Data for this exercise
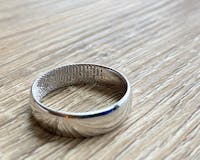 3D Printed Ring (Gold/Silver) media 1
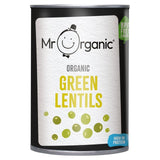 Mr Organic Green Lentils Ready to Eat 400g
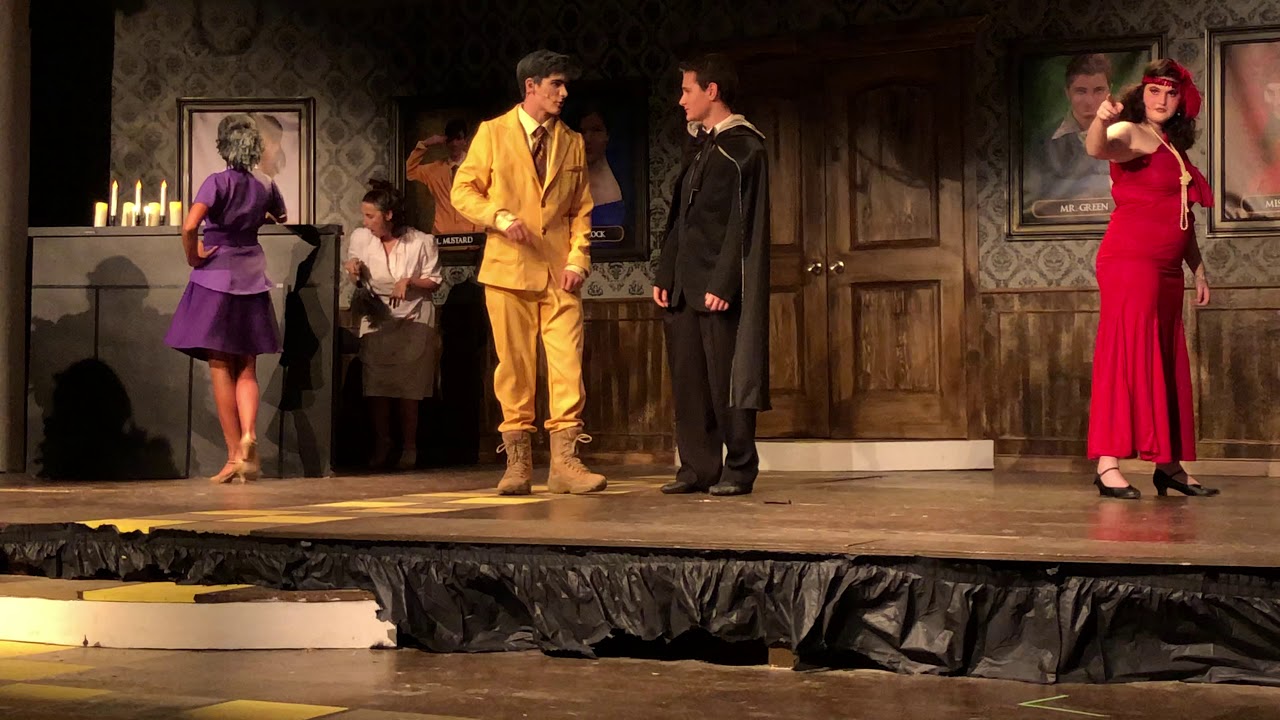 Clue The Musical at Weber (1/6)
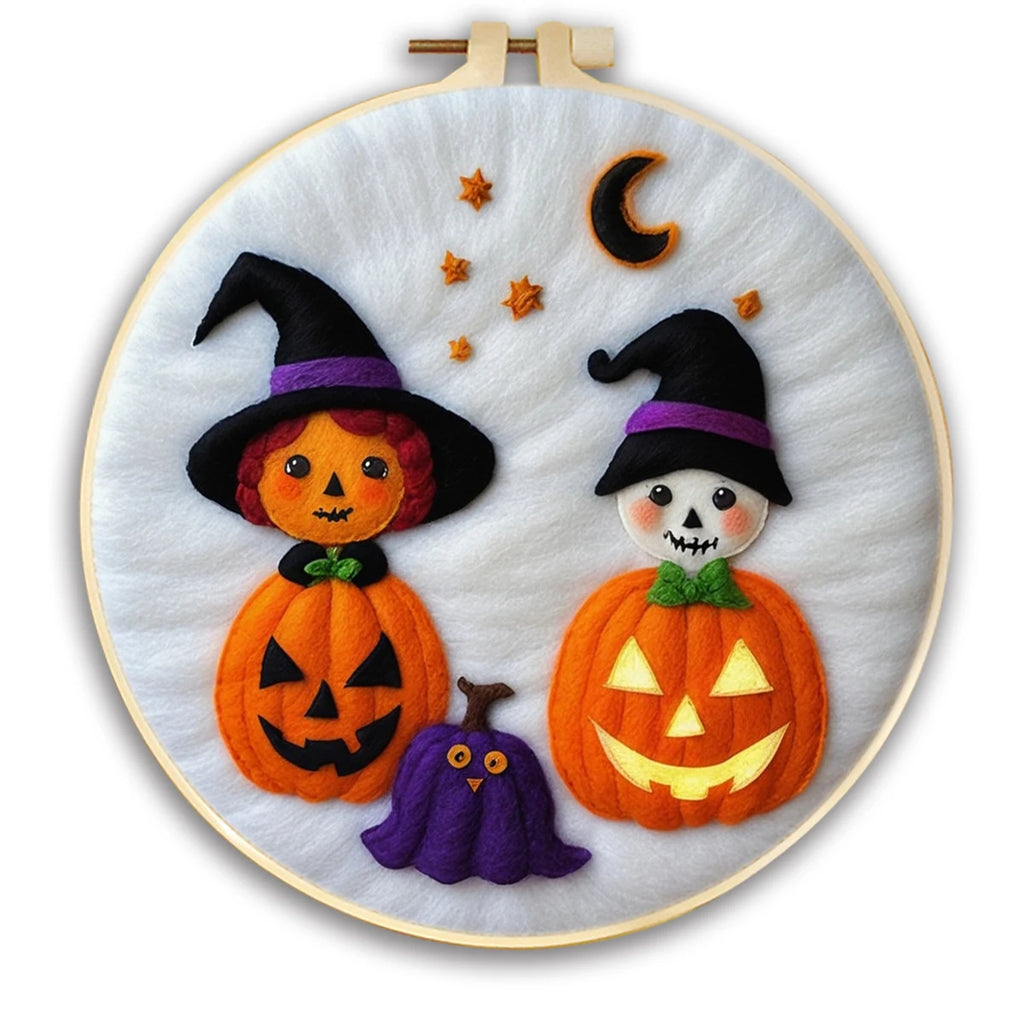 Felt Kits - Halloween Enchanted Witches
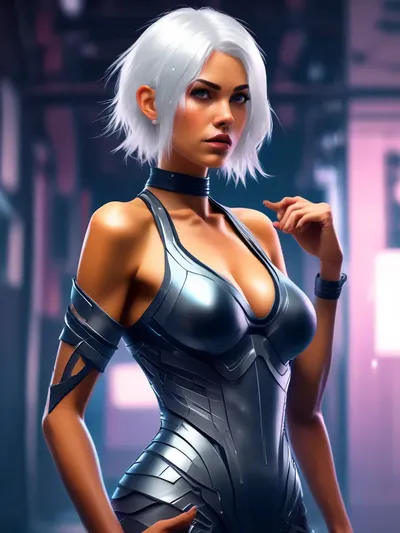 AI-generated realistic image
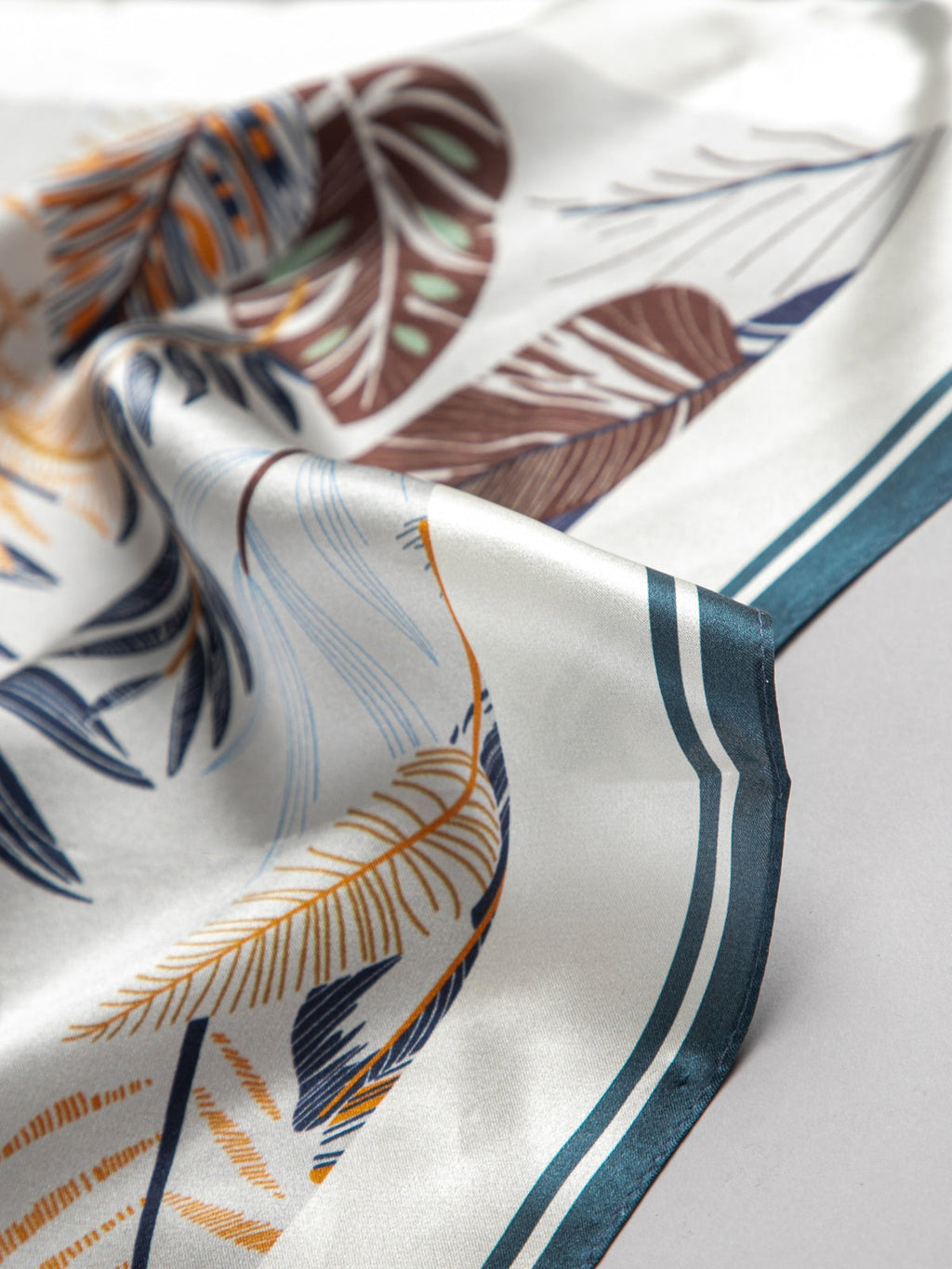 Women's silk scarf-1
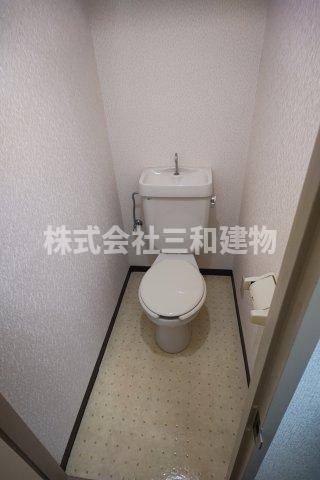 リキューハイツシオノのトイレ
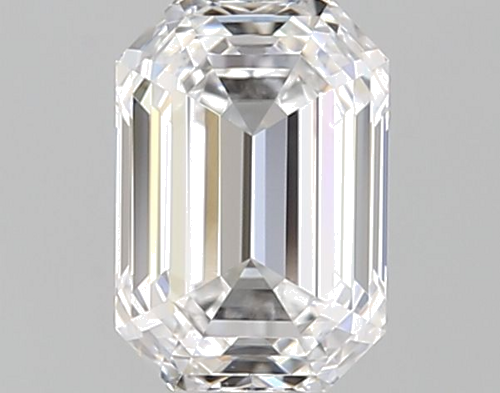 0.63 carat E-IF Natūralus Emerald Deimantas (1)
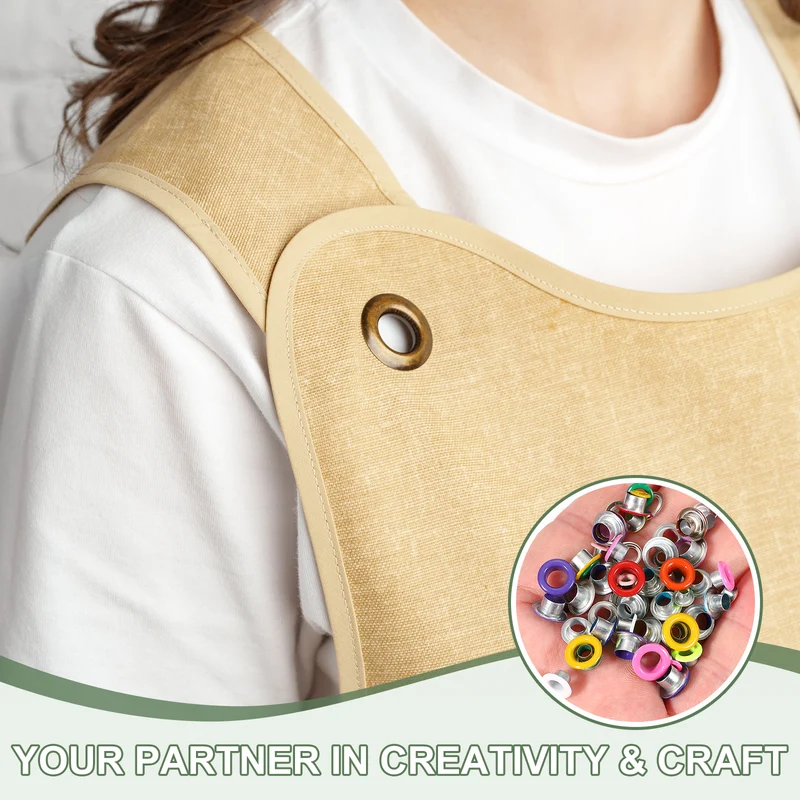 Grommets Kit, Metal Eyelets with Washers 4.5mm 3/16" & 250 Set & Bright Black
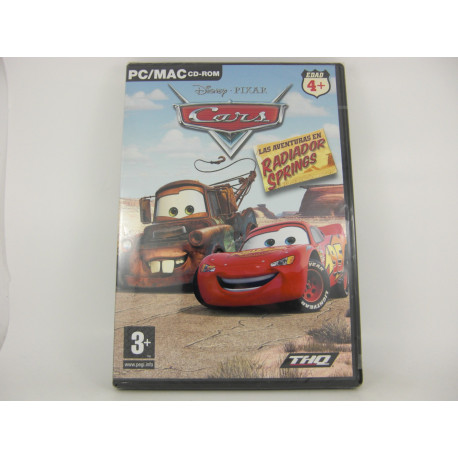 Cars - Las Aventuras en Radiador Springs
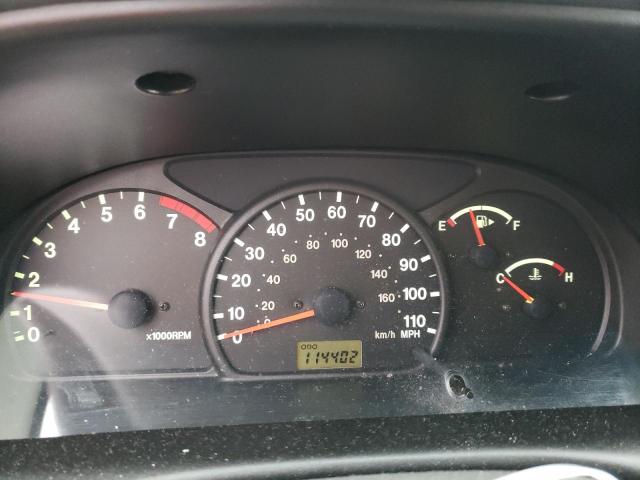 Photo 9 from auction – 2003 CHEVROLET TRACKER ZR with VIN 2CNBJ78C036938052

Exercise directions
Write out the entries again word for word. Do not include the pictures.

Task output
 3D Printed Ring (Gold/Silver) media 1
 Mr Organic Green Lentils Ready to Eat 400g
 Clue The Musical at Weber (1/6)
 Felt Kits - Halloween Enchanted Witches
 AI-generated realistic image
 Women's silk scarf-1
 リキューハイツシオノのトイレ
 0.63 carat E-IF Natūralus Emerald Deimantas (1)
 Grommets Kit, Metal Eyelets with Washers 4.5mm 3/16" & 250 Set & Bright Black
 Cars - Las Aventuras en Radiador Springs
 Photo 9 from auction – 2003 CHEVROLET TRACKER ZR with VIN 2CNBJ78C036938052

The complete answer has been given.